The exhausted-looking governor of Chernihiv, around 150 km (100 miles) northeast of Kyiv, gave a video update in front of the ruins of the city’s Ukraine Hotel.
“There is no such hotel any more,” Viacheslav Chaus said, wiping tears from his eyes. “But Ukraine itself still exists, and it will prevail.”
Britain’s defense ministry has said Russian ground forces were massed 25 km (15 miles) from the center of Kyiv, while Kharkiv, Chernihiv, Sumy and the key Black Sea port of Mariupol remained encircled under heavy Russian shelling.
The general staff of the Ukraine armed forces said Russia had slowed its offensive and in many places its forces had been stopped. The military’s Facebook post did not give details.

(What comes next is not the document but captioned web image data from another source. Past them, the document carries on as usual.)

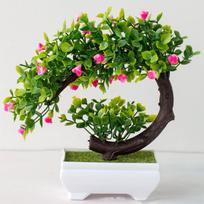 Artificial Plants Bonsai Simulated Tree Potted Plants Fake Flowers Table Potted Ornaments One Size rožinė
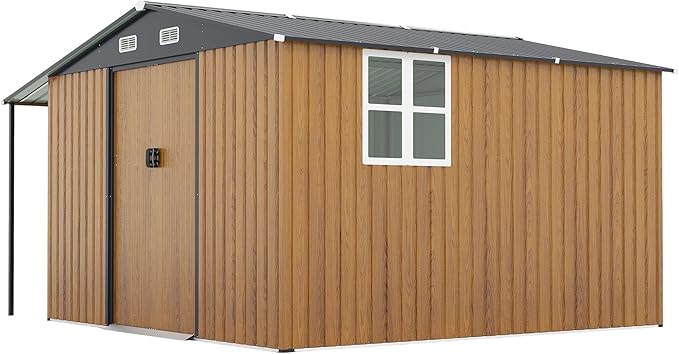 10x12 FT Outdoor Storage Shed,Extra Large Metal Garden Tool Shed with Lockable Doors,Windows & Air Vents,Dual-Zone Design Outside Steel Tiny House for Backyard, Patio Lawn,Yellow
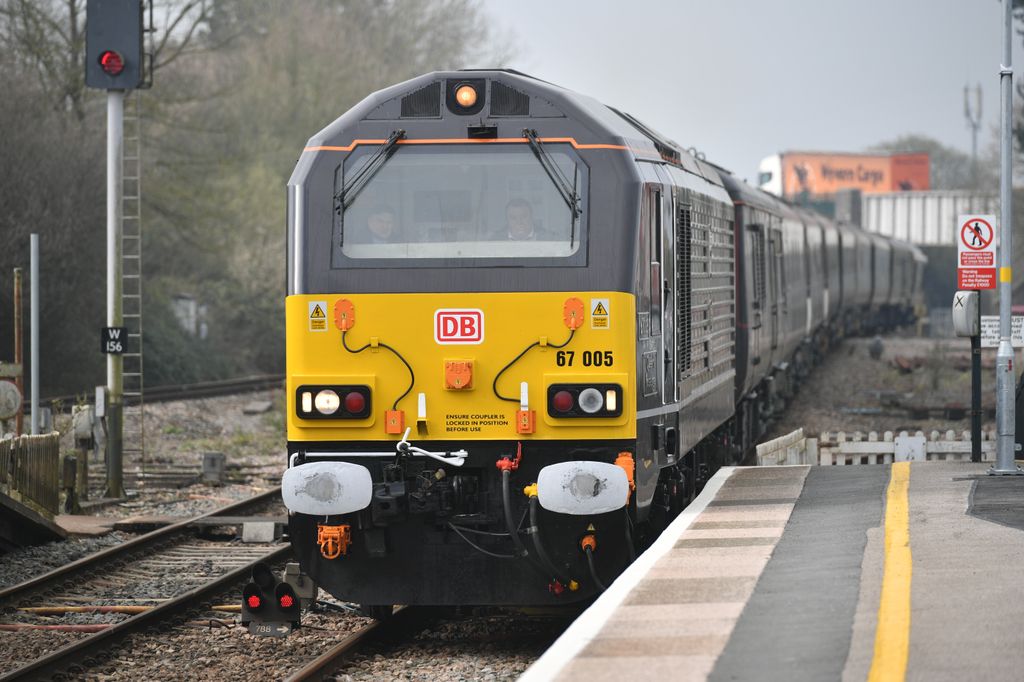 The Royal Train in 2019 carrying Queen Elizabeth II arrives in Castle Cary Station at the start of her visit to Somerset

Ukrainian officials had planned to use humanitarian corridors from Mariupol in the south as well as towns and villages in the regions of Kyiv, Sumy and some other areas on Saturday.
Around 13,000 people were evacuated from Ukrainian cities on Saturday, said Deputy Prime Minister Iryna Vereshchuk.
The Donetsk region’s governor said constant shelling was complicating bringing aid into Mariupol. Fires were burning in the western section of the city and dozens of apartment buildings heavily damaged, according to images taken on Saturday by private U.S. satellite firm Maxar.
At least 1,582 civilians in Mariupol have been killed as a result of Russian shelling and a 12-day blockade, the city council said on Friday. Reuters could not verify casualty figures.
“There are reports of looting and violent confrontations among civilians over what little basic supplies remain in the city,” the U.N.’s Office for the Coordination of Humanitarian Affairs said.
People were boiling ground water for drinking, using wood to cook food and burying their dead near where they lay, a staff member for Medecins Sans Frontieres (Doctors without Borders) in Mariupol said.